Het bbp is vorig jaar met 4,8% gegroeid. Dat is vooral toe te schrijven aan het
grotere handelssaldo en de hogere consumptie door huishoudens. Ook de
overheidsconsumptie en de investeringen lagen hoger dan in 2020. In
vergelijking met 2019 bedroeg de groei vorig jaar 0,8%. De krimp van 3,8% in
2020 is in een jaar tijd goedgemaakt.
Meer machines en chemische producten uitgevoerd
De uitvoer van goederen en diensten lag vorig jaar 7,0 % hoger dan in 2020. Er zijn vooral meer machines en chemische producten uitgevoerd. De export van Nederlands fabricaat groeide met 6,0%, terwijl de wederuitvoer (de uitvoer van eerder ingevoerde producten) 11,5% hoger uitkwam. Na de forse krimp in 2020, was er in 2021 ook een kleine groei van de uitvoer van diensten.
De invoer van goederen en diensten was 5,4% hoger dan een jaar eerder. De groei van de uitvoer was groter dan die van de invoer. Hierdoor had het handelssaldo een positieve bijdrage van bijna 2 procentpunt aan de economische groei.
Consumenten hebben vorig jaar 3,5% meer besteed dan in 2020. Ze gaven in 2021 vooral meer uit aan horeca, huisvesting (o.a. huur), medische diensten en kleding. Verder hebben ze ook meer gas verbruikt dan in 2020.De groei van de consumptie in 2021 woog niet helemaal op tegen de historisch grote krimp in 2020. In vergelijking met 2019 lag de consumptie door huishoudens nog ruim 3% lager. Vooral de bestedingen aan recreatie en cultuur, de horeca en, vervoer en communicatie lagen nog fors lager dan in 2019.De consumptie door de overheid groeide met 4,3%. Vooral de individuele consumptie (de uitgaven van de overheid op het gebied van gezondheid, onderwijs en sociale bescherming) lag hoger dan een jaar eerder.

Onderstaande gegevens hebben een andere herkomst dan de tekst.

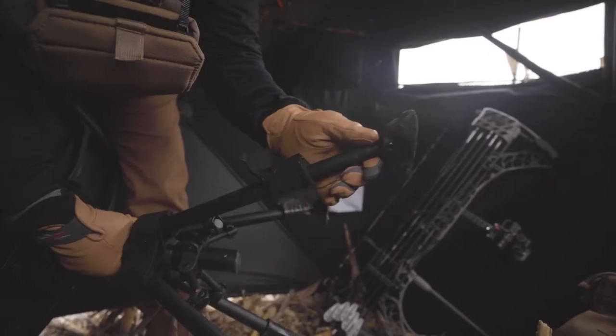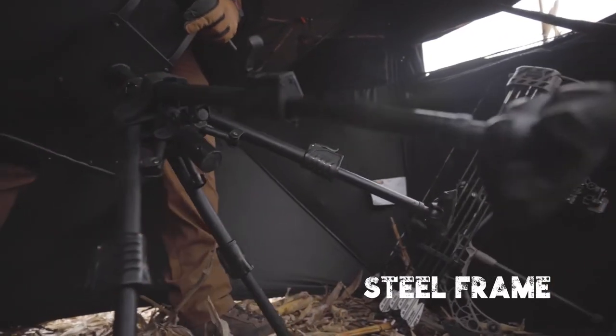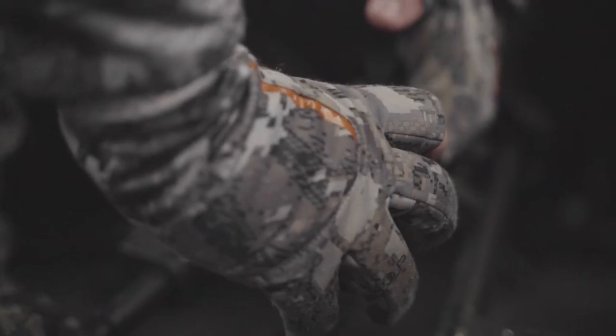Four adjustable legs allow the hunter to level the chair, no matter the terrain. They also allow the chair to be raised and lowered to fit the needs of the hunter.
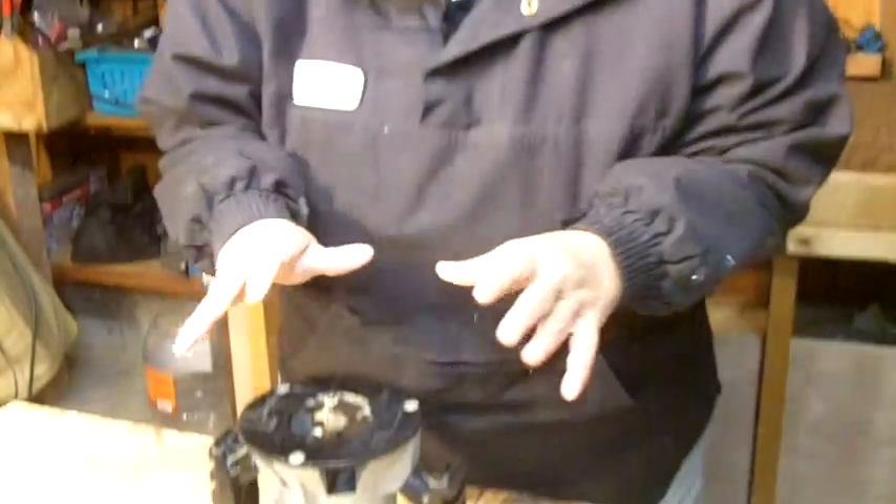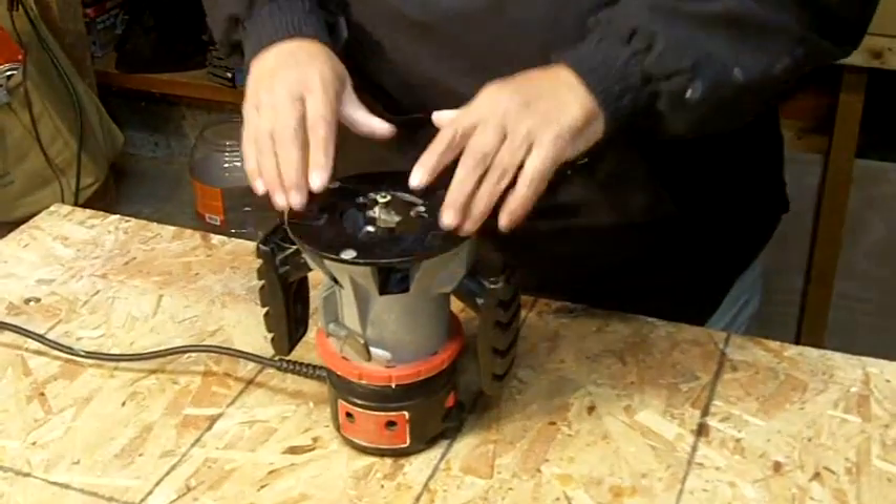Hi everybody, I'm Leah of CJ Drill and today I want to talk to you about a question that comes up quite a bit. It's for people that are learning to use a router — that's what this is here — and they don't quite know, because it can be confusing, which direction to move the router in.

In 2021 zijn de investeringen in vaste activa met 3,4% gegroeid. Er werd vooral meer geïnvesteerd in woningen, machines, bedrijfsgebouwen, software en computers. De investeringen in personenauto’s lagen lager dan in 2020. Net als de consumptie door huishouden lagen ook de investeringen nog onder het niveau van 2019.
Toegevoegde waarde
De toegevoegde waarde (het verschil tussen productie en verbruik
van energie, materialen en diensten) van de sector handel, vervoer en horeca
lag vorig jaar 7,6% hoger dan in 2020. Vooral de horeca en vervoerssector
groeiden in 2021, maar ook de toegevoegde waarde van de handel lag hoger dan
een jaar eerder. De horeca behoorde echter in 2020 tot de zwaarst getroffen
sectoren door de coronacrisis en het herstel in 2021 woog niet op tegen het
verlies in 2020. In vergelijking met het pre-corona jaar 2019 was de
toegevoegde waarde van de horeca in 2021 ruim 30% lager. Ook de vervoerssector
voegde vorig jaar minder waarde toe dan twee jaar eerder. De handel presteerde
wel beter dan in 2019. Per saldo lag de toegevoegde waarde van de bedrijfstak
handel, vervoer en horeca in 2021 iets lager dan in 2019.
De productie van de industrie lag in 2021 op recordniveau.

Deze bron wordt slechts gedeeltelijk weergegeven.